START Given information

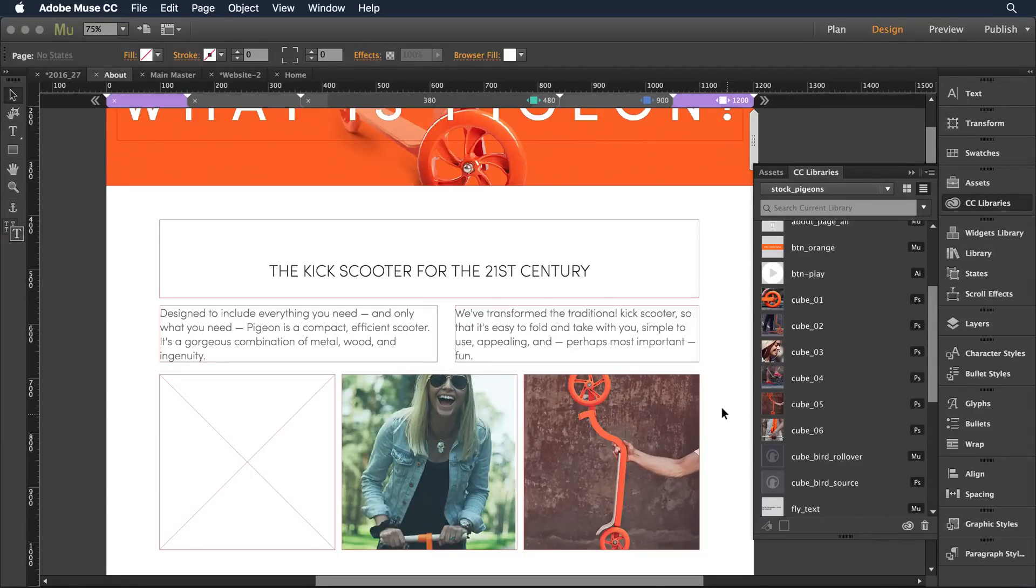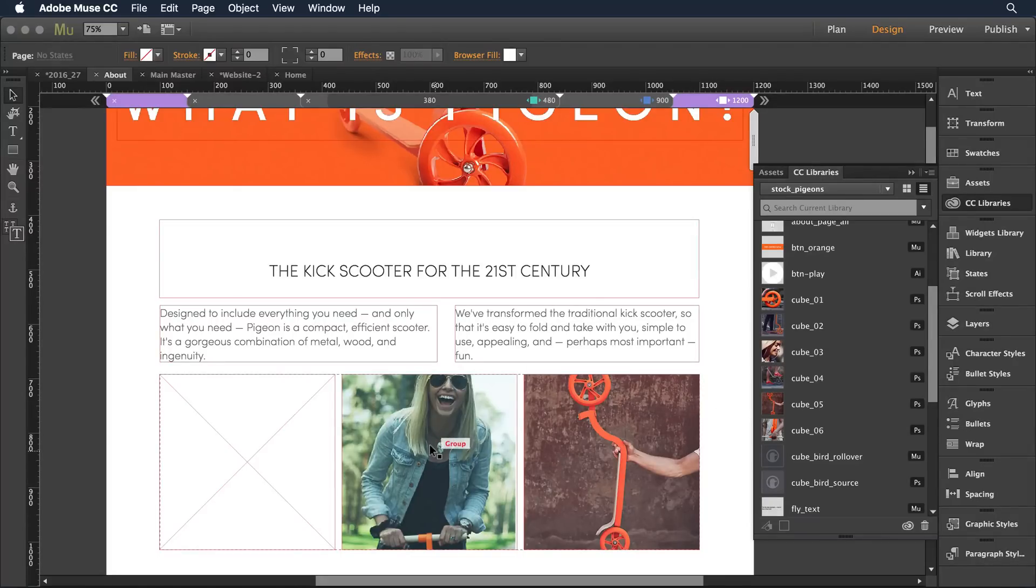So I'm here in my Pigeon project. I'm working on a Pigeon website design and I've got two images that I like, but I want a third image. I want to introduce children into my design.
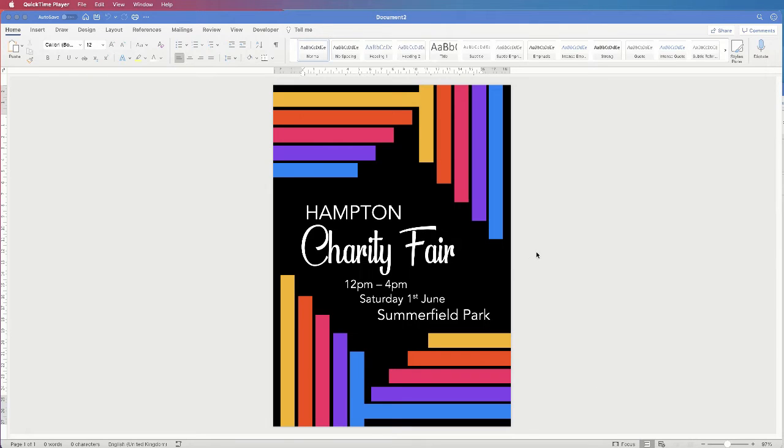Hi, and in today's Microsoft Word tutorial I'm going to show you how to make this poster in Word.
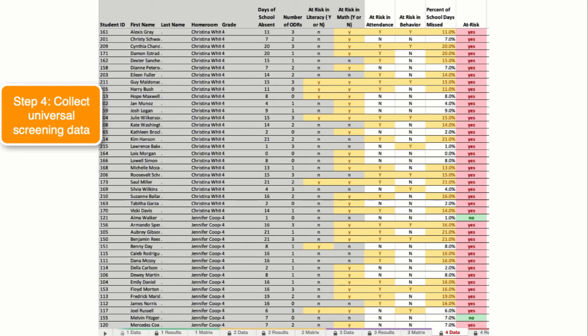The risk in attendance and risk in behavior columns automatically calculated based on some hidden formulas, and then it gives an overall indicator of is this student meeting at least one of the risk factors you see there.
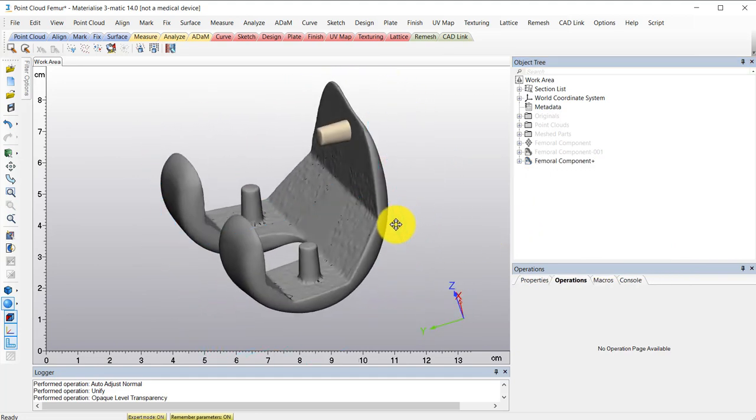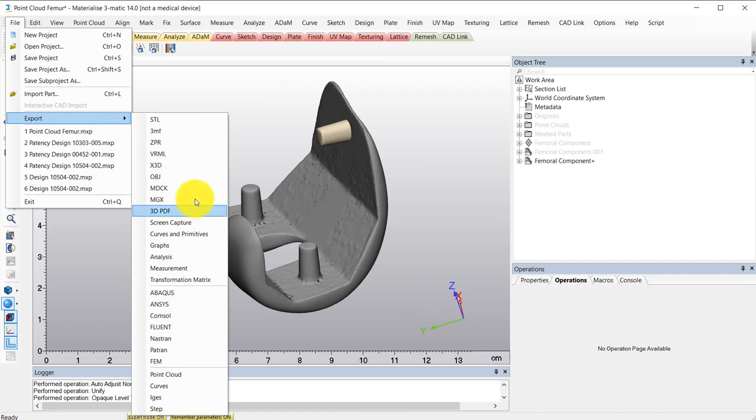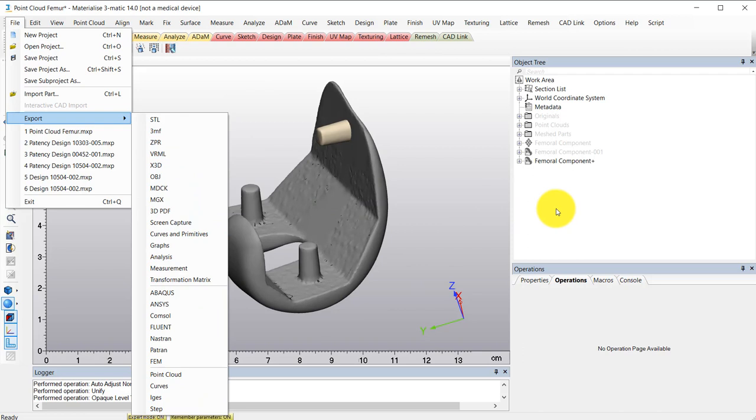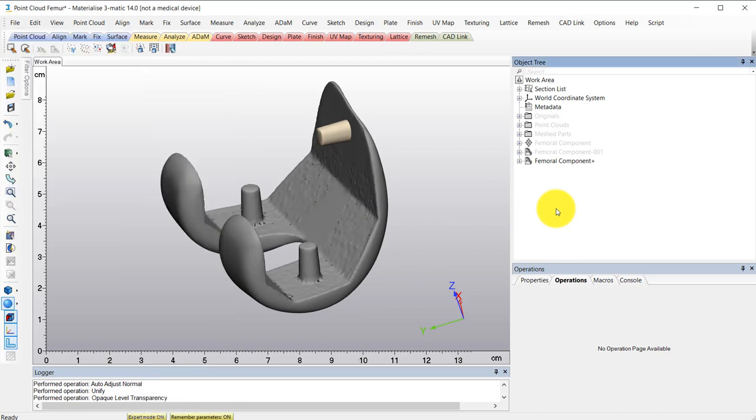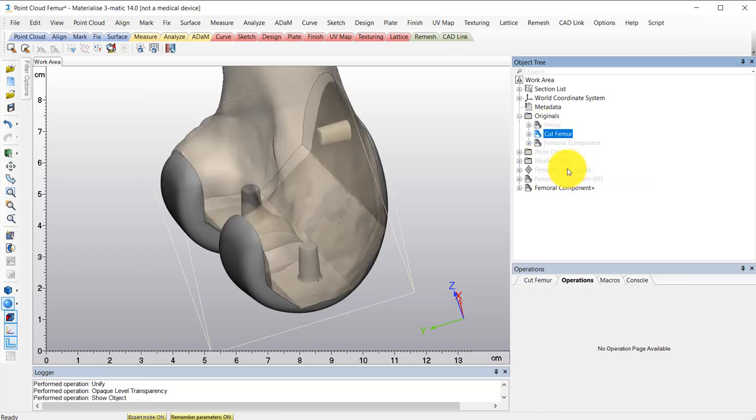And there we have it. I can then export this as any of these CAD files here from the export option to further my analysis, design or whatever else you are looking to do.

END Given information

Problem statement >>
Line for line, restate the data above and omit every picture.

Final answer >>
So I'm here in my Pigeon project. I'm working on a Pigeon website design and I've got two images that I like, but I want a third image. I want to introduce children into my design.
Hi, and in today's Microsoft Word tutorial I'm going to show you how to make this poster in Word.
The risk in attendance and risk in behavior columns automatically calculated based on some hidden formulas, and then it gives an overall indicator of is this student meeting at least one of the risk factors you see there.
And there we have it. I can then export this as any of these CAD files here from the export option to further my analysis, design or whatever else you are looking to do.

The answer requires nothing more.